Segment Open

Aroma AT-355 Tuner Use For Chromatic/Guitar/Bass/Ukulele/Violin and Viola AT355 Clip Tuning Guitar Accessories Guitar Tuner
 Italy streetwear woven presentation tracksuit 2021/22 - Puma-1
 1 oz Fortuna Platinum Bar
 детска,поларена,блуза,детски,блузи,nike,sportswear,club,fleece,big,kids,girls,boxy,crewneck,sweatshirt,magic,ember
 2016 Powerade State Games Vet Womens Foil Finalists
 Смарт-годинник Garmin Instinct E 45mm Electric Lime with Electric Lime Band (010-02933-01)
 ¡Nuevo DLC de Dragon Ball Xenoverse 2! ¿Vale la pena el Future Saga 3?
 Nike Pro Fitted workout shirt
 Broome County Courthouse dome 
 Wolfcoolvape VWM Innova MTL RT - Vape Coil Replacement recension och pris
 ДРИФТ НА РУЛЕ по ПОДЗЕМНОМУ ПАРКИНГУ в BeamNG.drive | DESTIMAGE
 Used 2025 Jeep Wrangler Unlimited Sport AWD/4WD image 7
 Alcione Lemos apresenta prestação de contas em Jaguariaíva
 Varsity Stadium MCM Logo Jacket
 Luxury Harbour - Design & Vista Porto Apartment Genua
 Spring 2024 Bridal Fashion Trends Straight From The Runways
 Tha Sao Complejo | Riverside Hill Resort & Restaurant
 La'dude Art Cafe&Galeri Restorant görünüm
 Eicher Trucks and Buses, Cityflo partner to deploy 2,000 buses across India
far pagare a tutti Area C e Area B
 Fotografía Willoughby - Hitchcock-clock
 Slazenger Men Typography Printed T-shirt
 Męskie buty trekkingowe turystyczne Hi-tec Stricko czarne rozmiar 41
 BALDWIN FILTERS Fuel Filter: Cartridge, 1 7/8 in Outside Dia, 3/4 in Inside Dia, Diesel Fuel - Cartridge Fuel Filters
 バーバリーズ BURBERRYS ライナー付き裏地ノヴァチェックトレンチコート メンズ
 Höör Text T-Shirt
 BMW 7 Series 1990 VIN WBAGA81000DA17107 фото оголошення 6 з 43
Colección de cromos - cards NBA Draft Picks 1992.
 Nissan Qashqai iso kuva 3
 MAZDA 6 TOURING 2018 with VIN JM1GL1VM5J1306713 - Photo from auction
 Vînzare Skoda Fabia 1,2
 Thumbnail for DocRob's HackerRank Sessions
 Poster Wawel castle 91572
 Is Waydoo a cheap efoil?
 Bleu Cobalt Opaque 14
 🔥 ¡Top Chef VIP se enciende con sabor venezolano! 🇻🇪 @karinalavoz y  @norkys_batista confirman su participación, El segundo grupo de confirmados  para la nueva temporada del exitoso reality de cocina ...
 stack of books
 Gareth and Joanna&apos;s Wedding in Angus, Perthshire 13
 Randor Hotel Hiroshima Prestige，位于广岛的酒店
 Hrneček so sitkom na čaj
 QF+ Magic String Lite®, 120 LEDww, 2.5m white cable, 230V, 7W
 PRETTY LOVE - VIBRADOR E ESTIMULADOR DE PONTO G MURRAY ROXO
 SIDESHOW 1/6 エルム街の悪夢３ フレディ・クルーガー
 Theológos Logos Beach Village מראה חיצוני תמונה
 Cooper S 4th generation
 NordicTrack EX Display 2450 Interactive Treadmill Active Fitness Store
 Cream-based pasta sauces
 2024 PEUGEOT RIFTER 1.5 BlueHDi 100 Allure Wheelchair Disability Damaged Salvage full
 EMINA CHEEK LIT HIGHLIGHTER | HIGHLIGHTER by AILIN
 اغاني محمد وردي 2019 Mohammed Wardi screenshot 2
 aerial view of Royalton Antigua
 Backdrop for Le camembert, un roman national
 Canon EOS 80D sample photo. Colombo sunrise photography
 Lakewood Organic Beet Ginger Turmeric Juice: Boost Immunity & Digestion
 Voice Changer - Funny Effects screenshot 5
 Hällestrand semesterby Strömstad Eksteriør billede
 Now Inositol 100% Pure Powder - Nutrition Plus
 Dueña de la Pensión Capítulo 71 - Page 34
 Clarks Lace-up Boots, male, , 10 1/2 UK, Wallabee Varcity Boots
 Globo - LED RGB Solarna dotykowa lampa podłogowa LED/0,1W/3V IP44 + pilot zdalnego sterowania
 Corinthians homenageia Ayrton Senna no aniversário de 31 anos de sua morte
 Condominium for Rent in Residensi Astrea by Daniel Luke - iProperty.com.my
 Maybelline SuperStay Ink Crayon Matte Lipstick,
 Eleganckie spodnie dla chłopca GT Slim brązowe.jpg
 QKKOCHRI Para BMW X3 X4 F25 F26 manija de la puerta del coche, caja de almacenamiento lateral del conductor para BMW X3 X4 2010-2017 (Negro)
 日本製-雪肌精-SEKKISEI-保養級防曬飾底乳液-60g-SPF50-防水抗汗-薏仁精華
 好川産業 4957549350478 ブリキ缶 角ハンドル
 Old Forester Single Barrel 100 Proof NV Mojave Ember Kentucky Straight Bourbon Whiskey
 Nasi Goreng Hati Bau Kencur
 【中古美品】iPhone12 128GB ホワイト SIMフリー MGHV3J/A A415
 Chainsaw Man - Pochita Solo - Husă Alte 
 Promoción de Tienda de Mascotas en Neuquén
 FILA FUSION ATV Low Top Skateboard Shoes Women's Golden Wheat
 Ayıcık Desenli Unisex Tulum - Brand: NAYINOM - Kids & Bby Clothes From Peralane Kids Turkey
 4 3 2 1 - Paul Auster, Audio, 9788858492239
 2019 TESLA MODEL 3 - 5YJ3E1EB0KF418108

Segment Closed

- **TASK DESCRIPTION**
Reproducing the whole listing above is not the task. Copy exactly only the lines from the one with "детска,поларен" to the one with "ДРИФТ НА РУЛЕ", both kept.

- **SOLVED EXERCISE**
 детска,поларена,блуза,детски,блузи,nike,sportswear,club,fleece,big,kids,girls,boxy,crewneck,sweatshirt,magic,ember
 2016 Powerade State Games Vet Womens Foil Finalists
 Смарт-годинник Garmin Instinct E 45mm Electric Lime with Electric Lime Band (010-02933-01)
 ¡Nuevo DLC de Dragon Ball Xenoverse 2! ¿Vale la pena el Future Saga 3?
 Nike Pro Fitted workout shirt
 Broome County Courthouse dome 
 Wolfcoolvape VWM Innova MTL RT - Vape Coil Replacement recension och pris
 ДРИФТ НА РУЛЕ по ПОДЗЕМНОМУ ПАРКИНГУ в BeamNG.drive | DESTIMAGE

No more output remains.